- _Exercise requirements_
Your reply must contain the lines from the one with "Moradia V5 remodelada" through the last line of the material, exact and complete, with no pictures and no other text.
Segment Open
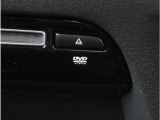 【DVD】DVD再生可能です。お好きな映画、ドラマ、アニメを車内でお楽しみください。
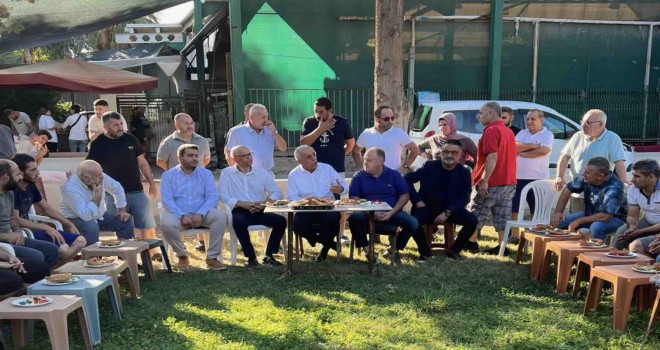 Karşıyaka'da pazar esnafıyla buluşma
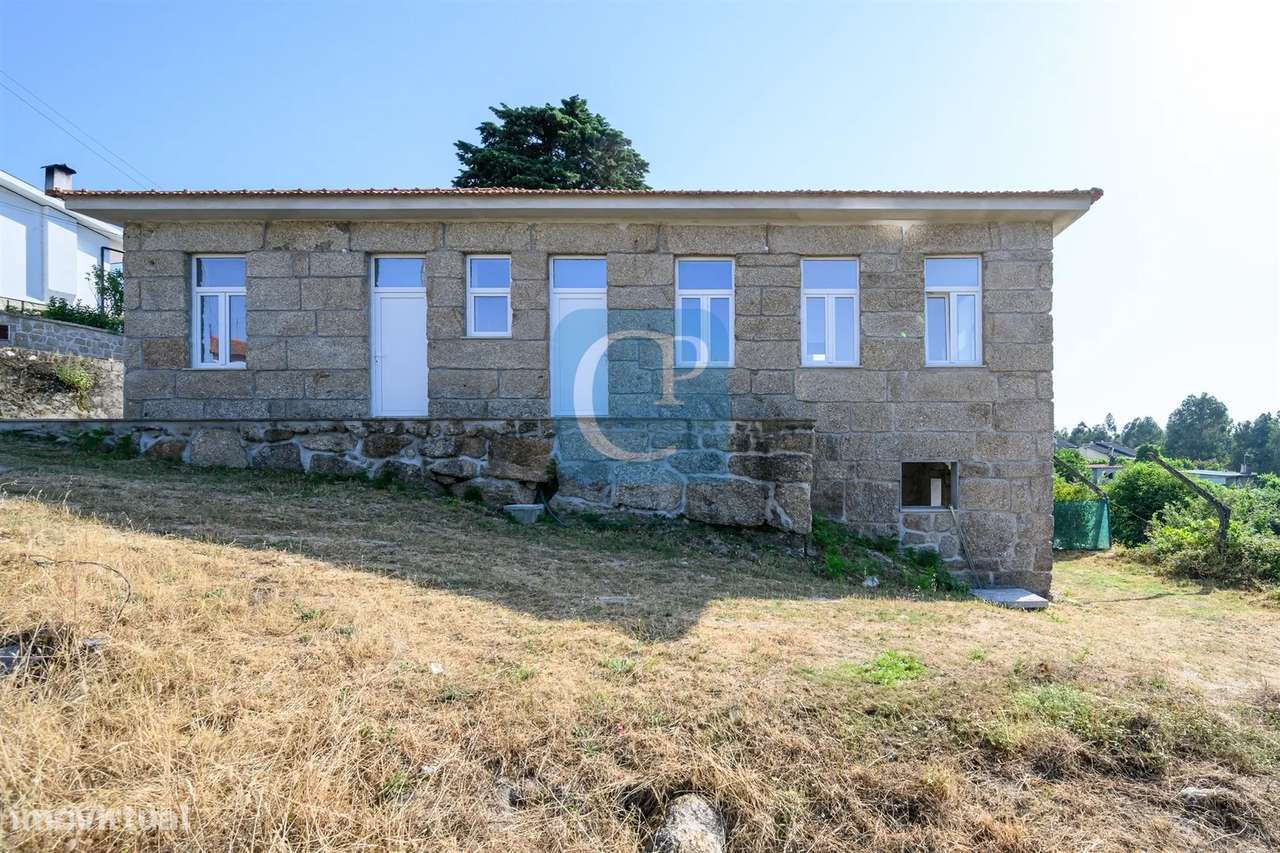 Moradia V5 remodelada em Soalhães, Marco de Canaveses - Grande imagem: 5/23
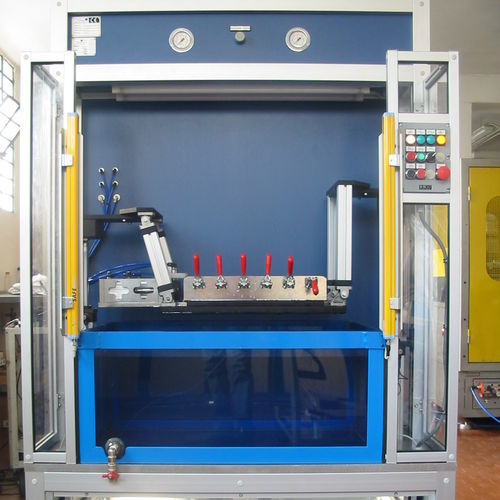 Стенд для испытания на герметичность под давлениемполуавтоматический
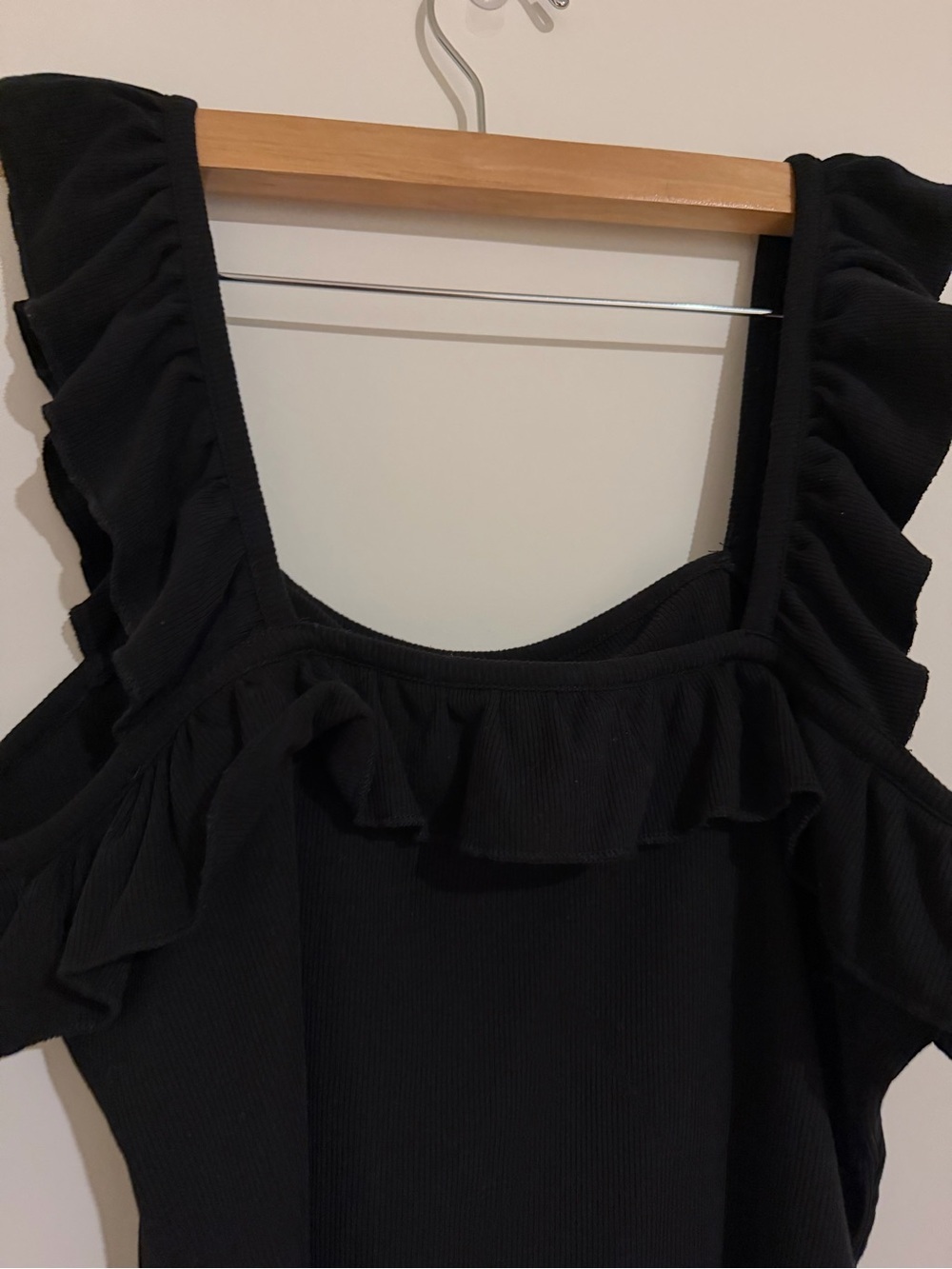 Black Ruffle Sleeveless Top - Women’s Size Large - Picture 4 of 5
Segment Closed
- _Task output_
 Moradia V5 remodelada em Soalhães, Marco de Canaveses - Grande imagem: 5/23
 Стенд для испытания на герметичность под давлениемполуавтоматический
 Black Ruffle Sleeveless Top - Women’s Size Large - Picture 4 of 5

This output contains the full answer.